Home Tours

This Wellington villa balances heritage with modern elements

Time-tested elements are harmoniously matched with light-handed hints of modernity in this renovation of a Wellington villa

Home Profile

Meet & greet: Sarah Kilner (photographer and real estate agent), Rupert Kemeys (football coach and investor), daughter Ruby, 10 months, and English bulldog Bob.

The property: A renovated three-bedroom, double-storey 1907 villa in Petone.

It’s a rare renovation story that doesn’t include a little drama: epic delays, unexpected discoveries and relationships (professional or personal) under strain.

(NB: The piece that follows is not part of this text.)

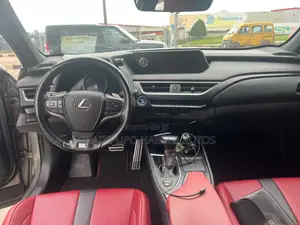 Lexus UX 250h 2020 Gray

Even within the genre of renovation chronicles, Sarah and Rupert’s story stands out, though you’d never know it to see them now, smiling and happy in their seaside home in Wellington’s Petone, a picture of contentment with their gorgeous baby girl Ruby. There’s no sign of the stressful year just gone, bar the heart motifs throughout the home.

A home with heart

Within salt spray distance of the ocean, on a street full of adorable period homes, this dollhouse-style double-storey villa was an easy sell, and Rupert and Sarah – who both work in real estate and know a special property when they see it – viewed and offered on it immediately. “We brought our friend, who’s a builder, and we looked at it once at 8 pm, then bought it that night,” says Sarah.

So far, so straightforward. But where things got complicated was after the renovation process started. Covid caused the usual catalogue of delays, and the house threw up its own surprises. “The builders tore out all the Gib and we found out there’d been a massive fire in the place – all the structural wood and beams were black from fire.” This was also when they learned of the home’s less than gentile past, as a gang HQ in the ’60s and ’70s. “Our front lawn was where they had all the motorbikes and cars.”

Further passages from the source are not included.